When it comes to our own emotions and justification of mood, we often proclaim all manner of entitled space and candor in regards to our feelings and the need to either be heard or receive allocated time to vent. While I won’t argue that each of us have a myriad of choices in front of us on how, when, and if we might express ourselves, what I have begun noticing more recently, is a sense of emotional entitlement.
The is no governance that exists, that would preclude us from feeling something. In fact, what we feel can be an honest grounding element in any assessment we find ourselves making. Feeling, however, does not always translate to an external manifestation of one’s present state of being.
Suppressed or open, again remains a choice available to us based often on our own awareness of self and established biases. Manipulation however based on those biases is often plays out as an open criticism of others. What I’ve noticed is when we complain about someone’s behavior, it’s typically behavior we are all too familiar with ourselves. (Read that two more times). This isn’t an accusation, but rather a stark awareness, as I have been a guilty culprit in my own life of this type of emotion outburst.
When emotion moves from an internal feeling to an external mode of manipulation or justification, paired with a rant, therein lies the obstacle. Emotion is either rich with connection, or ripe with expulsion. As it goes, let me draw attention to three terms and/or concepts that show up for us as complex organisms thriving and jiving in imperfection:
Counterfeit Emotional Language
Rational-Emotive Approach
Emotional Intelligence
Counterfeit Emotional Language is a form of communication that seems to express feelings, but doesn't quite describe what a person’s honest internal state might be. At times one could consider this an element of cordial hypocrisy.

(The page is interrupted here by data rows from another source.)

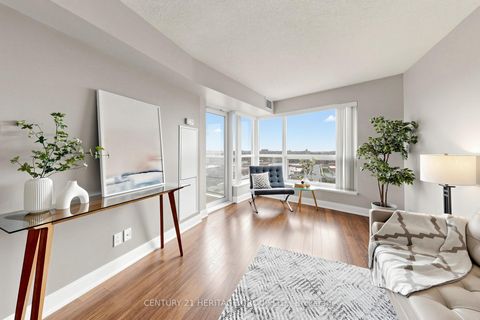 Photo 14 at 1216 - 135 Village Green Square, Malvern West, Toronto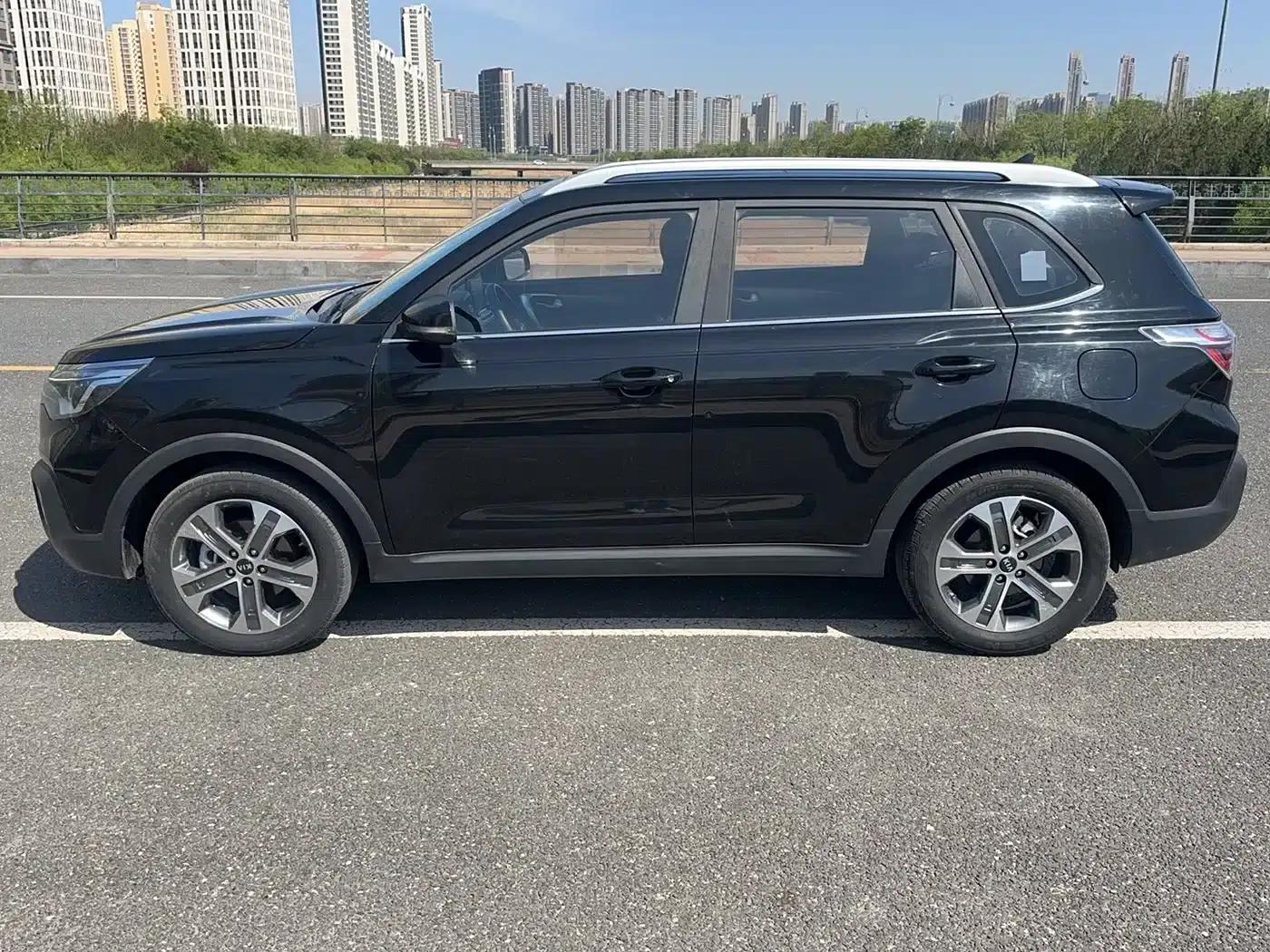 2019 Kia Sportage 2.0L Automatic Smart Luxury Edition — миниатюра 10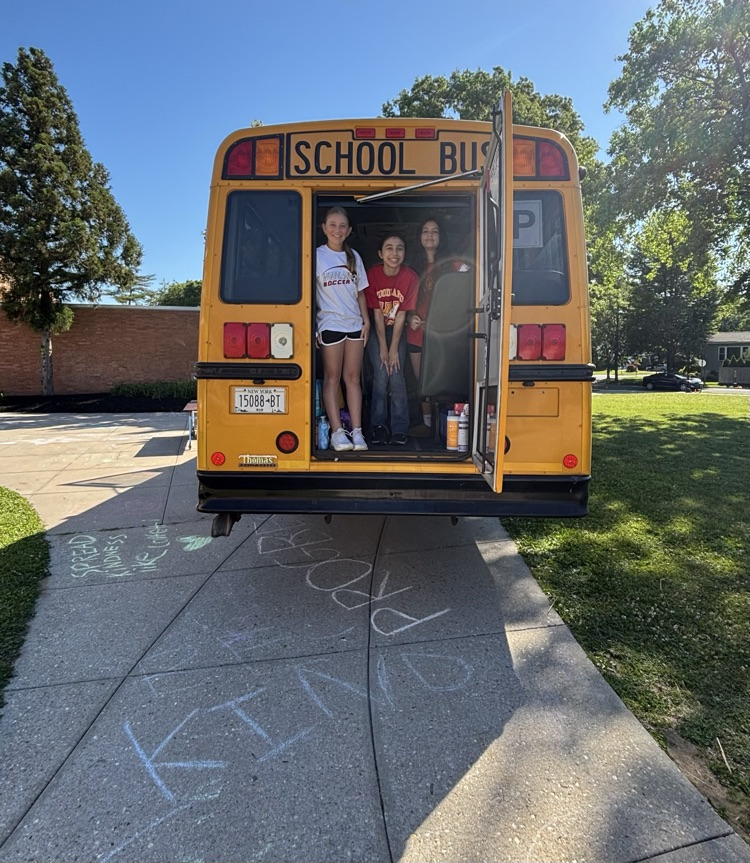 Stuff a Bus!🚌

Rational-Emotional Approach uses rational thinking to challenge and change debilitating emotions that undermine self-concept and self-esteem. This rationalization can come from ourselves or others as a defense mechanism or change agent.
Emotional Intelligence is the unique ability to recognize one’s own feelings, and the fortitude to assess when they might be appropriate given current circumstance. It also engages a maturity and skill to communicate those feelings effectively.
When it comes to our emotional state, our physiology, perceptions, and social experiences all come into play. In a self serving state, we become less effective when we express our emotions in generalities, without ownership and from a state of counterfeit.
A colleague of mine, and and fellow coach, brought some serious heat when he explained: “We often judge others based on their actions, but ourselves based on our intentions. It’s often not a different story…just a different perspective.” Kermit Jones, you are a genius.
So here’s the summary as I try and bake it down. During times of increased self awareness and growth, know that associated upheaval and transformation will always be present, and will always leave you in a state of confusion and uncertainty. Have faith, however, in the fact that we were designed around unpredictability. Uncertainty is scary for sure, but it is in this uncertainty that we gain a new paradigm. In this new paradigm, might we challenge ourselves to consider that while we are fully entitled to our own emotions, we are never entitled to the emotions associated with dismissive behavior and criticisms of another, particularly when the behavior is one we’ve too been guilty of in our own times of imperfection.
Let us learn to slow down. Let us be less quick to allow frustration and anger to enter our world. Let us be thoughtful in our reflection and judgement of self, along our own journey, before we release an entitled assessment of someone else.
Remember that growth is always a choice!